Dataiku screenshot of the dialog for creating a new deployment.

Note

Just as when importing a project zip file, you may see warnings about missing plugins or plugin version mismatches. If any of these plugins are used in the project at hand, you’ll want to closely review them.

The same can be said for missing connections. See the article on preparing the Automation node for more details.

Manage deployment settings#

Your project is now running on the Automation node! You can click to open it from the panel on the left. Before doing so though, it is helpful to understand what deployment settings can be controlled from the Project Deployer itself.

Within the Project Deployer, we can monitor the status of deployments, such as when it was created (and by whom), when it was updated (and by whom), and recent scenario runs.

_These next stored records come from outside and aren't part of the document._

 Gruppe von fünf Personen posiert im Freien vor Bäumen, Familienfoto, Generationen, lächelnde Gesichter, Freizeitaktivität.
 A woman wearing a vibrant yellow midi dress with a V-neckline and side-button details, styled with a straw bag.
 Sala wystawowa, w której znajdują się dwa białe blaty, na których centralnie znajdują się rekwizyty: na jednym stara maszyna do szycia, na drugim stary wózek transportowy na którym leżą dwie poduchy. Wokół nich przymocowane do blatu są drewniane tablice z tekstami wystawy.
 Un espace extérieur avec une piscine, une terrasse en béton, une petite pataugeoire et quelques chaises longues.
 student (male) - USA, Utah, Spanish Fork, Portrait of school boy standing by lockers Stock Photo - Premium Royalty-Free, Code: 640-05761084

Dataiku screenshot of the Status tab of a deployment on the Project Deployer.

Note

The reference documentation also covers how to modify deployment settings from the Project Deployer.

Remap connections#

In the Settings tab of a deployment, you can configure criteria around variables, connections, code environments, and scenarios.

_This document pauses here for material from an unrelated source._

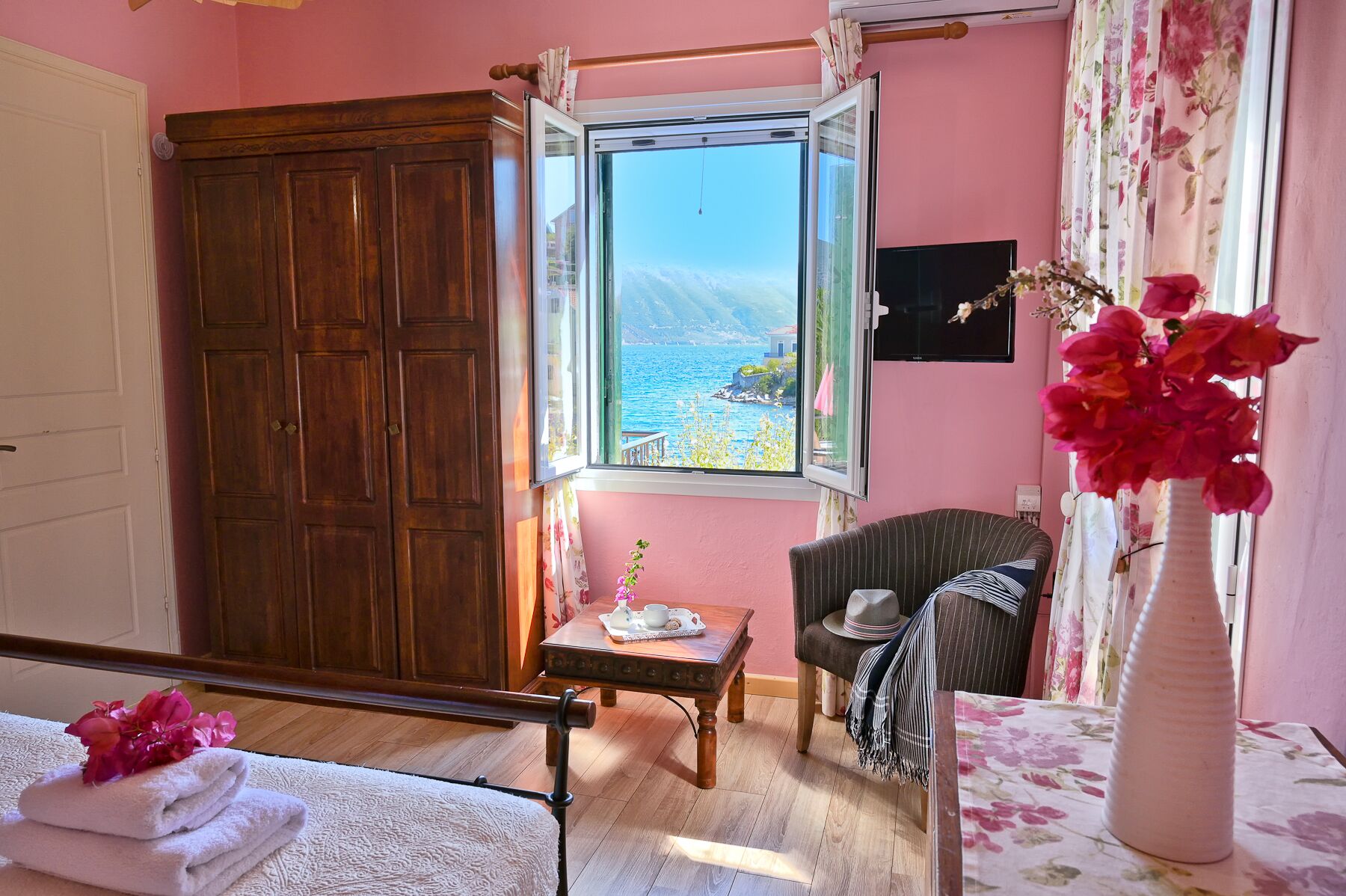 Une pièce avec une armoire en bois, une petite table sur laquelle se trouve une théière, une chaise et une vue sur la mer par la fenêtre.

Connection remapping, for example, is one setting that will commonly need to be configured. In many cases, organizations maintain different databases for development and production environments. If this is the case, you’ll need to remap the source connections used on the Design node to the target connections that should be used on the Automation node.

  1. Within the new deployment, navigate to the Settings tab.

  2. Navigate to the Connections panel on the left.

Dataiku screenshot of the Connections page of a deployment's settings.

Note

Assuming you are using the same database for development and production environments for this tutorial, there is nothing you need to do here.

Manage scenario auto-triggers#

To ensure scenarios never run unexpectedly, all scenarios in a new deployment are deactivated by default — regardless of their settings on the Design node.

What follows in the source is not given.